-------- SUPPLIED ENTRIES

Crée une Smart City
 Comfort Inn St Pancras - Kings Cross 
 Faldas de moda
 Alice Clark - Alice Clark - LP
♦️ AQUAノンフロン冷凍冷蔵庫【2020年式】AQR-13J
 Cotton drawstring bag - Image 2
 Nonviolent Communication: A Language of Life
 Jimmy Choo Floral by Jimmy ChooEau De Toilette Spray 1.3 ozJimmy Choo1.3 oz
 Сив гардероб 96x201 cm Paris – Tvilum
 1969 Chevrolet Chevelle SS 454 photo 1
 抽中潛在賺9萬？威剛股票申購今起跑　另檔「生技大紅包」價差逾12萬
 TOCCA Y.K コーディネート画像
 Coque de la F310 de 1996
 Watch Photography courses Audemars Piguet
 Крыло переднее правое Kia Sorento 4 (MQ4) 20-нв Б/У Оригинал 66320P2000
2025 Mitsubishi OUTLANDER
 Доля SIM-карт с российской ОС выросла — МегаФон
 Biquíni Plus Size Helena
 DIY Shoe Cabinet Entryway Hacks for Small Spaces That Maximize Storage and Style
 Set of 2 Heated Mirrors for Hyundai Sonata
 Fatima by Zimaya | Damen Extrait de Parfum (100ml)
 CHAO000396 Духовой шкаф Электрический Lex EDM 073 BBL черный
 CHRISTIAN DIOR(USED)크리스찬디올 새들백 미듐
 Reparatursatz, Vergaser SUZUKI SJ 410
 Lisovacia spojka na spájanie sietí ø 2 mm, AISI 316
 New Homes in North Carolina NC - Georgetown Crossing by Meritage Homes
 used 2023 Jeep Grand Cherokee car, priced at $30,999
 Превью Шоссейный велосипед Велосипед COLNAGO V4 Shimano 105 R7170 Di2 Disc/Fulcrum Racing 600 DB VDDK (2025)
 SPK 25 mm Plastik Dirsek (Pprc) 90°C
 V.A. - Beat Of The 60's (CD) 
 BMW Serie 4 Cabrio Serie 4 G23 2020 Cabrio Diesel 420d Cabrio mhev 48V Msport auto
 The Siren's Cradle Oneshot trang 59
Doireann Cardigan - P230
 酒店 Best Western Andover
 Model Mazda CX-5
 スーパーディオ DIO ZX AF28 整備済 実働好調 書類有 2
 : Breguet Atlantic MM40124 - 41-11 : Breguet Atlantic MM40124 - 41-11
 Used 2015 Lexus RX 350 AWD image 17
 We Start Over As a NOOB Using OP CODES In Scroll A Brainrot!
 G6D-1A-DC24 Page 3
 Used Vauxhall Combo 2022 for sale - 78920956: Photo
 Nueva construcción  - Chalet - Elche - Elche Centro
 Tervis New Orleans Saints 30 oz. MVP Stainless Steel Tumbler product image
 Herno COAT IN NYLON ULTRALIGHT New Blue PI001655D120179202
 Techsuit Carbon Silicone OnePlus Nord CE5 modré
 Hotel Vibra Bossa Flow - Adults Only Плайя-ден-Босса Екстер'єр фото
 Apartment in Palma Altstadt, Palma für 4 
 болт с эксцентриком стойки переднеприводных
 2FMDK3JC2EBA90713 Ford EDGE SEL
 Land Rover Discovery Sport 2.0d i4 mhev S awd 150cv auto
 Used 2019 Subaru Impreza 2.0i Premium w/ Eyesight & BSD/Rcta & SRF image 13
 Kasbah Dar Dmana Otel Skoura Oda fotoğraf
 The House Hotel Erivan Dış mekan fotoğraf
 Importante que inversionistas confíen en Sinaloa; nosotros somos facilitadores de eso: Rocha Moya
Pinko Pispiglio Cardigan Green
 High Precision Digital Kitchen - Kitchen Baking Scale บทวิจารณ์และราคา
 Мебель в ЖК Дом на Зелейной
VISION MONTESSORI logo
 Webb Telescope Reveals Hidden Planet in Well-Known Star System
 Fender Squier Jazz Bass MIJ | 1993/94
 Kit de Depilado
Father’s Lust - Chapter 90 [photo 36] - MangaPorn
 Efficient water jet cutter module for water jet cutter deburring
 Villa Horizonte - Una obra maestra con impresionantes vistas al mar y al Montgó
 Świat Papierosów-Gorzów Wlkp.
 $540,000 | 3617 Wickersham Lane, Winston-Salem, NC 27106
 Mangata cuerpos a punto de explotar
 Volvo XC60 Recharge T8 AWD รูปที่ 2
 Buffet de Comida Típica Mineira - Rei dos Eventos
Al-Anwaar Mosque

----------------

> **EXERCISE AIM**
Each line above where the word "auto" occurs should be copied out.

> **SOLUTION FOR THIS EXERCISE**
 BMW Serie 4 Cabrio Serie 4 G23 2020 Cabrio Diesel 420d Cabrio mhev 48V Msport auto
 Land Rover Discovery Sport 2.0d i4 mhev S awd 150cv auto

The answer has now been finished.